Shame is one of the most human emotions. It’s that feeling of your face getting hot and your heart beating fast when you cross an invisible line of acceptable behavior. Shame is your soul letting you know that you are walking on the sacred ground of someone else’s dignity. Because it’s one of the worst feelings, we will do much to avoid shame. We will blame others, justify our behavior or deny what others say they saw.

We have seen public figures on television swallow their shame, pushing it down and distracting us from it. We have heard parents warn their children of a “litigious society” and how easily one can fall prey to “false accusations” rather than warning them of the consequences of infringing on another person’s bodily autonomy without their consent. In turn, we are more comfortable “not judging” the private actions of others. When former President Clinton was accused of leveraging his power and position in order to have an inappropriate sexual relationship, he avoided the rocky shoals of truth by filling his sails with a whirlwind of creative language. Once grounded and there was no more game of avoidance to be played, his supporters responded that it was a private affair between him and his wife. Recently, when asked about President Trump’s own admission to groping women as well as the existence of a number of female accusers, White House press secretary Sarah Huckabee Sanders responded by saying “The American people knew this and voted for the president, and we feel like we’re ready to move forward.” Culturally, shame can be forgotten for political or financial success or be swept under the rug for talent. America loves a winner and victory is often the second act that overcomes and erases the first.

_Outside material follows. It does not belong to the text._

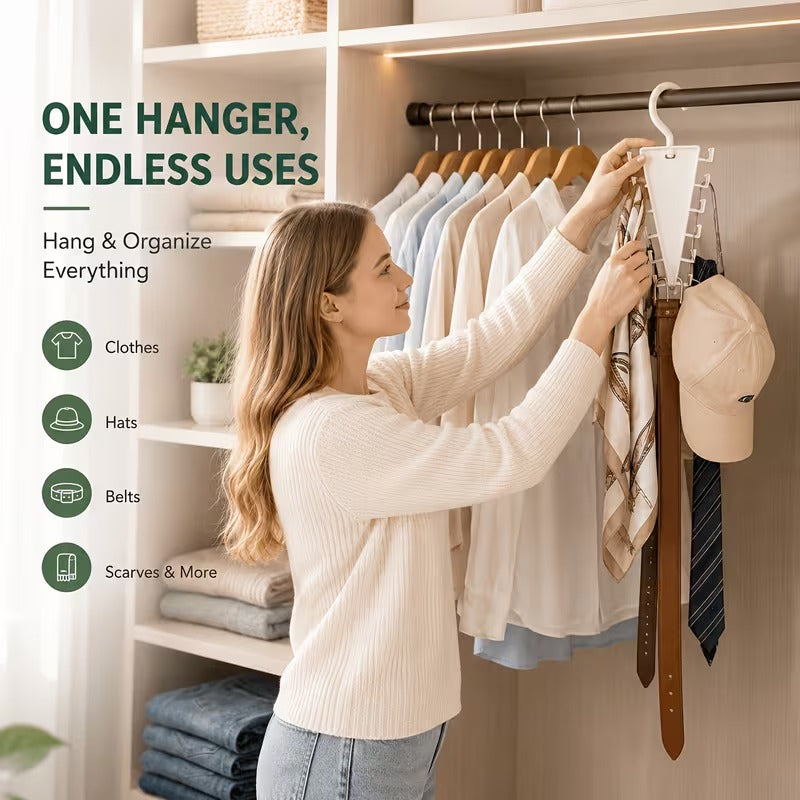 Multi-Functional V-Shaped Double Sided Hanger Storage Rack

But, though it’s not something we should seek to do to others, when we feel it because of something we did, shame should be welcomed. We might think of it as a close cousin to the relief felt when waking up from a nightmare: Shame reminds us that we are still alive. Shame reminds me that I exist as a precious and unique soul precisely because I know and feel that #youtoo exist. Our freedom is not what excuses us from this but that which enables us to take responsibility for feeling it most authentically.

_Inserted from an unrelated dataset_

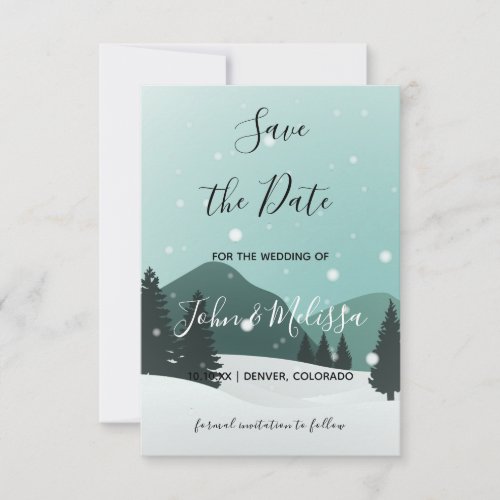 Romantic Winter Wedding Snowy Forest  Mountains Save The Date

We are born with the capacity for shame, but only society can help us to feel it through the articulation of values and norms. In Hebrew the word “conscience” and “compass” are from the same root. Our compass only works if there is moral gravity to guide it.

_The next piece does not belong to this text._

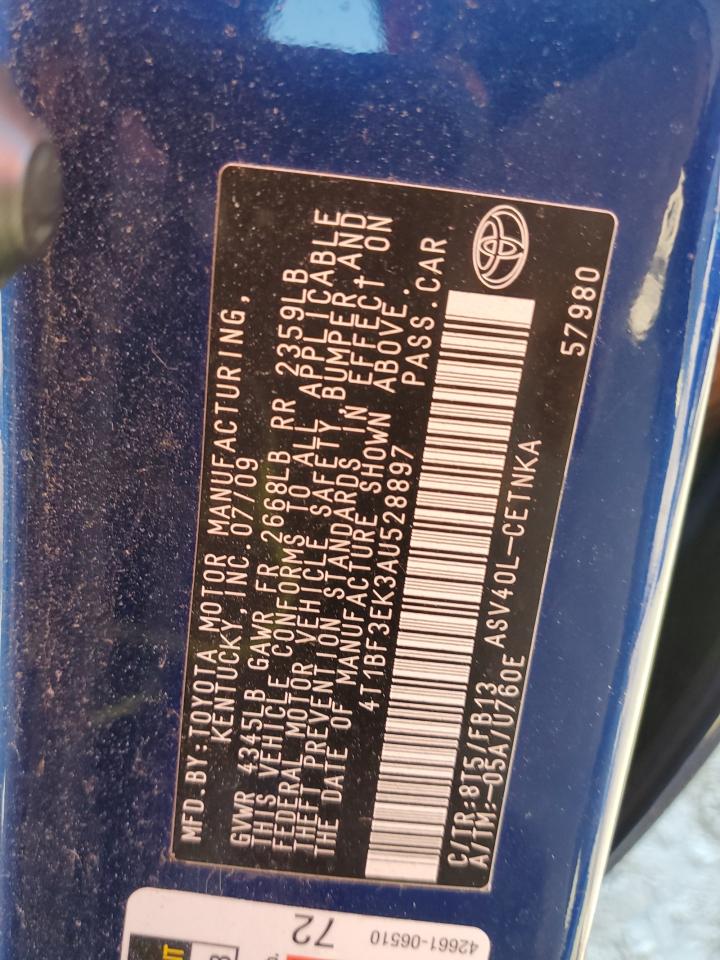 Photo 11 VIN: 4T1BF3EK3AU528897 - TOYOTA CAMRY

And guiding it requires that we differentiate the feeling of shame from humiliation. Physical pain is a way for our bodies to tell us that something is wrong. Before we try to numb ourselves from pain we should always try to understand the message our body is sending. Moving too quickly past a feeling like shame would be a wasted opportunity to cultivate moral beings.

Shame can be carefully nurtured with the watering of accountability and forgiveness but be overwhelmed with the flooding of public humiliation. Instead of society responding with humiliation, we have to instill the ethic that to truly be human is to feel shame and it’s a shame not to be human.

We have to help our children, our public figures and each other understand that though no one likes to feel shame, it’s a good thing and we should welcome it as a way of preventing us from doing even worse than we have already done to other people. Our American culture needs this moral language now.